In terms of resiliency measure, beyond what has been previously mentioned, are taking a proactive approach with their insurance broker and even primary carrier(s) for property and casualty policies with evidence and possibly desired policy/contract language that indicates their current, near-future and long-term IT/OT cybersecurity efforts to rectify, improve and bolster personnel resources, capabilities and continuous training plans.

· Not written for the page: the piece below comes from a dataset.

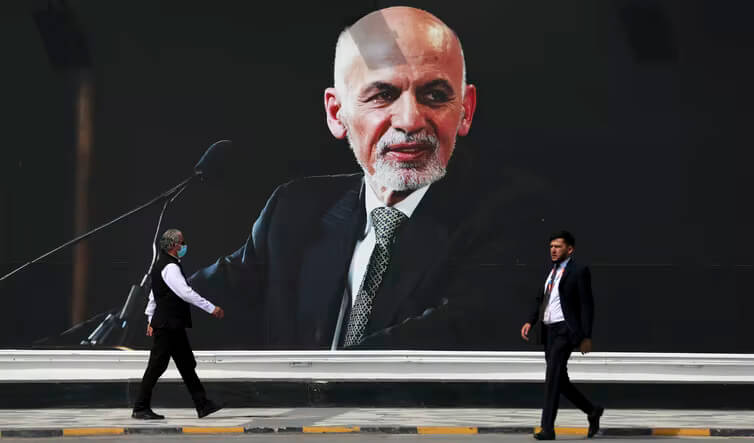 People walk near a mural of President Ashraf Ghani at Hamid Karzai International Airport, in Kabul, Afghanistan. Ghani fled the country in August 2021. (AP Photo/Rahmat Gul)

  • Likewise, insurance companies also need to improve their segmentation of “Carrot & Stick” approach to policy language and support.
  • And, again IMHO, to achieve better policy offerings, and outcomes, there needs to be a collaborative, cooperative and integrated support from various federal agencies involved with Cybersecurity and Insurance to give Insurance companies and policy writers guidance on workable solutions for both the risk-takers and those needing cybersecurity risk avoidance (clients). This would include CISA, Federal Insurance Office (FIO) of the Treasury Dept, Board of Governors in the Federal Reserve System and the like, which sounds like an extremely large task given the lack of cooperation between them historically.

 

Tom Smertneck is a Strategy and Business Development Consultant, Manufacturers Representative at Energy Aspects LLC.  He is recognized as a proactive connector of ideas, people and companies. He works as a catalyzing agent for innovative solution creation & delivery with concentrations in industrial automation and controls, industrial (OT) cybersecurity and high-value asset condition monitoring solutions. He has engaged with various entities across the sixteen critical infrastructure segments in our North Central Midwest Region since 1998.